Atomic Descriptors

AtomicAI provides locally-averaged atomic fingerprints (LAAF) that encode the chemical environment of each atom. These descriptors are used as input features for machine learning models.

Command-line usage

generate_descriptors trajectory.xyz [--descriptor TYPE [TYPE ...]] [--n-eta N]

Options

Option

Default

Description

--descriptor / -d

ACSF_G2 ACSF_G2G4 SOAP

One or more descriptor types to compute

--n-eta / -n

50

Number of eta decay functions

Descriptor types

ACSF_G2 — Radial symmetry functions

Two-body Behler-Parrinello G2 functions. Each function is a Gaussian in interatomic distance, parameterised by eta (width) and Rs (shift):

\[G^2_i = \sum_j e^{-\eta (r_{ij} - R_s)^2} \cdot f_c(r_{ij})\]

where \(f_c\) is a cosine cutoff function.

generate_descriptors traj.xyz --descriptor ACSF_G2 --n-eta 80

ACSF_G3 — Cosine basis functions

G3 functions use a cosine basis parameterised by kappa:

\[G^3_i = \sum_j \cos(\kappa \cdot r_{ij}) \cdot f_c(r_{ij})\]
generate_descriptors traj.xyz --descriptor ACSF_G3

ACSF_G4 — Angular symmetry functions (with rjk)

Three-body functions that encode bond angles. The rjk term is included in the cutoff and exponent sum:

\[G^4_i = 2^{1-\zeta} \sum_{j,k \neq i} (1 + \lambda \cos\theta_{jik})^\zeta \cdot e^{-\eta(r_{ij}^2 + r_{ik}^2 + r_{jk}^2)} \cdot f_c(r_{ij}) f_c(r_{ik}) f_c(r_{jk})\]
generate_descriptors traj.xyz --descriptor ACSF_G4

ACSF_G5 — Angular symmetry functions (without rjk)

Similar to G4 but the rjk distance is not included, making it faster to compute for large systems:

\[G^5_i = 2^{1-\zeta} \sum_{j,k \neq i} (1 + \lambda \cos\theta_{jik})^\zeta \cdot e^{-\eta(r_{ij}^2 + r_{ik}^2)} \cdot f_c(r_{ij}) f_c(r_{ik})\]
generate_descriptors traj.xyz --descriptor ACSF_G5

ACSF_G2G4G5 — Full combined descriptor

Concatenates G2 + G4 + G5. Provides the richest angular description.

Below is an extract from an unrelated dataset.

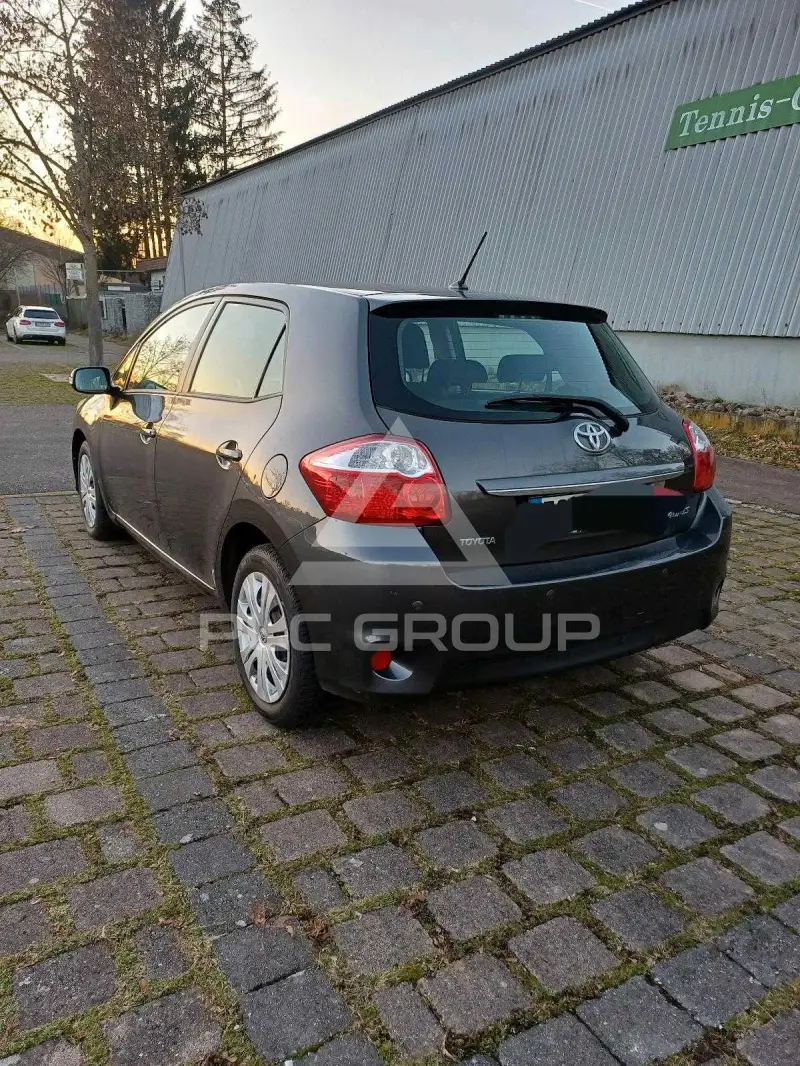 2010 Toyota AURIS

generate_descriptors traj.xyz --descriptor ACSF_G2G4G5

SOAP — Smooth Overlap of Atomic Positions

Rotationally invariant descriptor based on the overlap of atomic density functions, computed via DScribe.

generate_descriptors traj.xyz --descriptor SOAP

MBSF — Many-body symmetry functions

Combines a radial term (gr, G2-like) with an angular term (ga) that includes \(\zeta\), \(\theta_s\), eta, and Rs parameters.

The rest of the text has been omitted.